In the process of writing this book, responding to reflections, questions, and critiques from many different people from many different backgrounds, I have realized time and again just how much my own experiences inevitably shape my assumptions about how others think and feel. As I have tried to put myself in others’ shoes, I have confronted again and again the obvious but too often overlooked point of just how much
money matters
. Money gave Andy and me the ability to afford excellent daycare when the kids were young, a full-time housekeeper as they grew older, the comfort of living in a neighborhood with great public schools and libraries.
Money buys a safety net, relieving stress and providing resources and resilience against the buffets of fate. Yet millions of American families are working as hard as they can without the resources to absorb even one unlucky break. Their “family choices”—whether and how much to work versus whether and how much to stay home to care for children or parents—are not really choices at all; they are driven by economic imperatives.
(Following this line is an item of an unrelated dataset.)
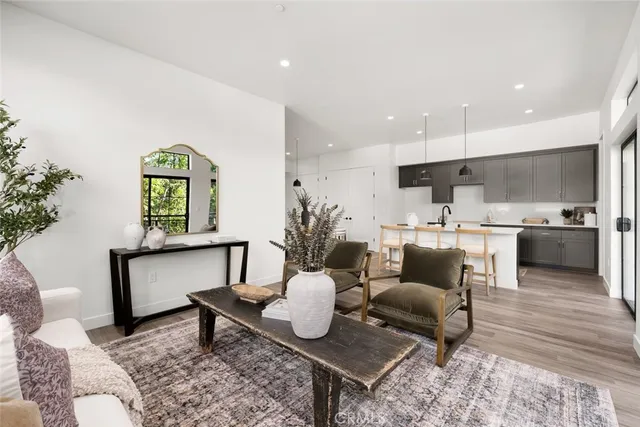 $1,371,800 | 581 Higuera Street, Unit 307, San Luis Obispo, CA 93401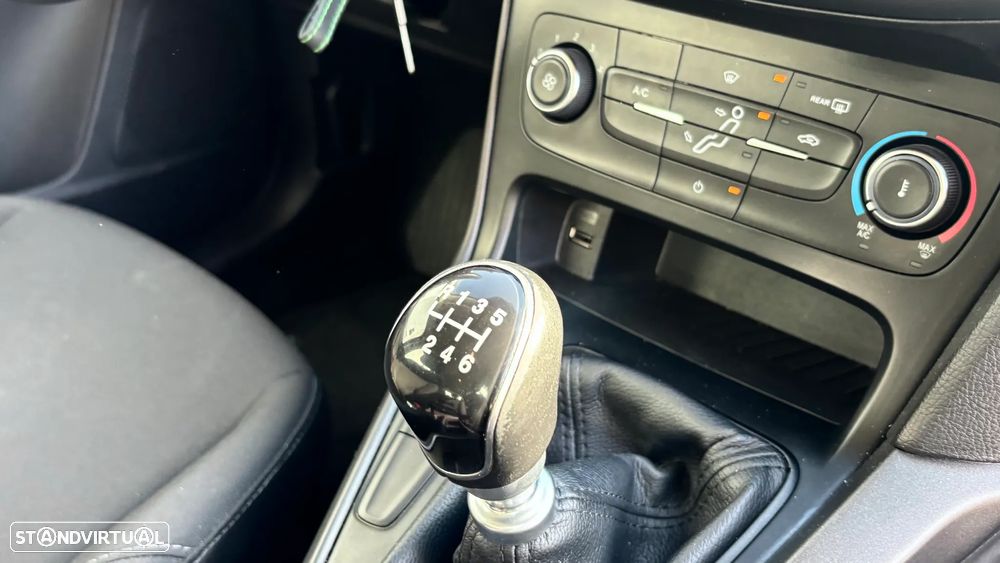 Ford Focus SW - 8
As I challenge my own long-held beliefs, I continually remind myself that my story is not theirs.
I emphasize this point because if we want to move forward—for women and men, for our workplaces, and for our society as a whole—we must first step back and take a hard look at what we reflexively believe to be true. We must question the conventional wisdom, aphorisms, memes, and stories that inform or justify our choices and shape our worlds. We have to ask ourselves why weare so certain of our often-buried assumptions about the way things are, both for ourselves and for millions of others whose lives we can only try to imagine.
We can only change and bring about change if we can genuinely open our minds to new thoughts and possibilities, for everyone.
1
HALF-TRUTHS WOMEN HOLD DEAR
As a professor who had thousands of meetings with students and gave hundreds of lectures over twenty years, the single question that I heard most frequently, hands down, was from young women asking me how I managed to balance work and family. Even after foreign policy talks at other universities, once the audience had thinned out a young woman would invariably raise her hand and ask me what advice I would give to women seeking to have a career and a family at the same time. I am hardly alone in this; any of my female colleagues would say the same thing. We understand why these young women ask us this question and feel proud that they are looking up to us.
But the answers are complicated. I could have told my students that the only way I had managed to have a high-powered career and a husband and two sons was by being a tenured professor at a top university married to another tenured professor at the same university. But that could be deeply discouraging, and it’s not the whole truth; drive, hard work, and good fortune each played a role in charting the course of my career. Moreover, many other women manage to combine careers and family successfully in less flexible and fortunate situations.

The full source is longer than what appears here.